Escravos e indignação
A divulgação de imagens de um mercado de escravos nos arredores de Tripoli, capital da Líbia, chocou muita gente, incluindo o secretário-geral da ONU que se mostrou «horrorizado». É mais do que justa a indignação, e no caso do secretário-geral da ONU é inclusive uma obrigação. Mas não chega. Não basta afirmar que «a escravatura não tem espaço no nosso mundo». É necessário ir às causas, e elas são essencialmente duas.
A primeira é o capitalismo e as formas de exploração e opressão que aprofunda no seu desenvolvimento. Vários estudos indicam que a escravatura e o tráfico de seres humanos tem vindo a aumentar nas últimas duas décadas e meia. Um estudo elaborado em 2016 aponta a existência de 40 milhões de escravos no Mundo, número que está muito abaixo daquilo que será a realidade. Trabalho forçado (que alimenta os lucros de grandes multinacionais em variados continentes) e prostituição são os dois maiores «destinos» dos escravos dos tempos modernos, do quais um quarto são crianças e a esmagadora maioria (71%) mulheres.
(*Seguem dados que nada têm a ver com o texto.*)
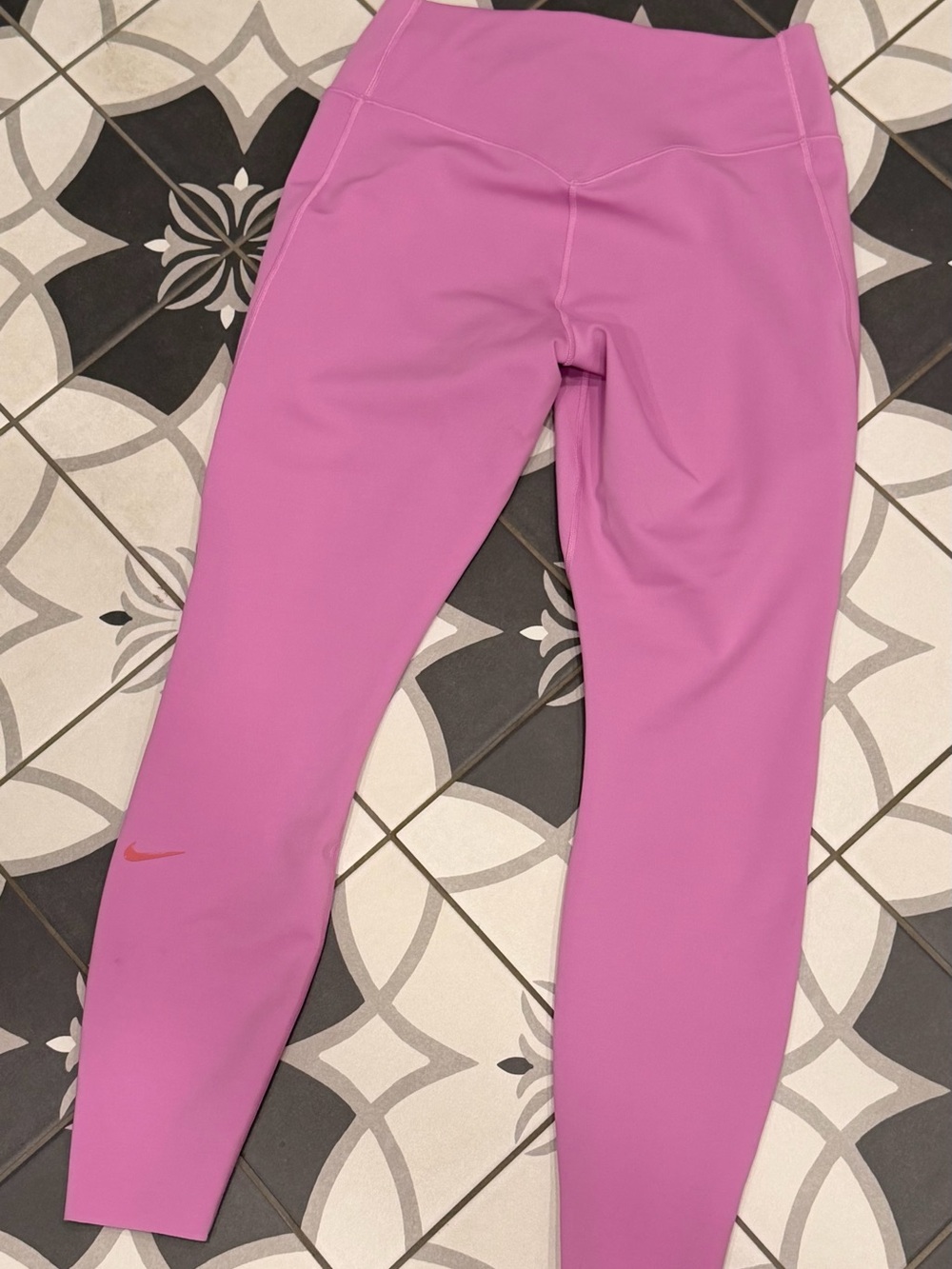 Nike Pink Women's Universa High Waisted Leggings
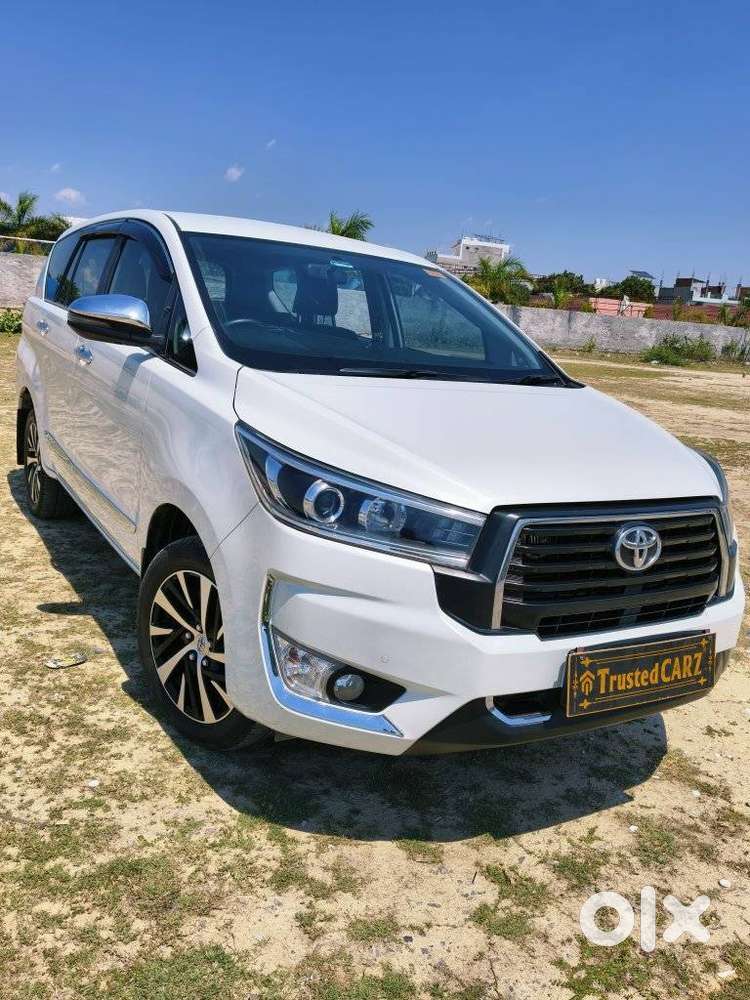 Toyota Innova Crysta 2.4 Z 7 Str, 2025, Diesel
A segunda causa decorre da política imperialista de guerra e recolonização imperialista. As intervenções imperialistas no Norte de África e Médio Oriente causaram um aumento exponencial do movimento de refugiados e migrantes. A resposta xenófoba e militarista da União Europeia escancarou as portas às migrações clandestinas, pasto para os traficantes de seres humanos e para o florescente mercado de escravos que está longe de se confinar à Líbia. Basta por exemplo reter que em 20 dos 27 países da União Europeia o risco de escravatura tem vindo a aumentar.
Ou seja, a indignação de Guterres deveria estender-se às decisões do próprio Conselho de Segurança da ONU, que patrocinou a destruição de países inteiros, como a Líbia, onde agora se vende escravos a 338 euros a cabeça e onde há dez anos a sua população gozava de um dos maiores índices de desenvolvimento humano de todo o continente africano.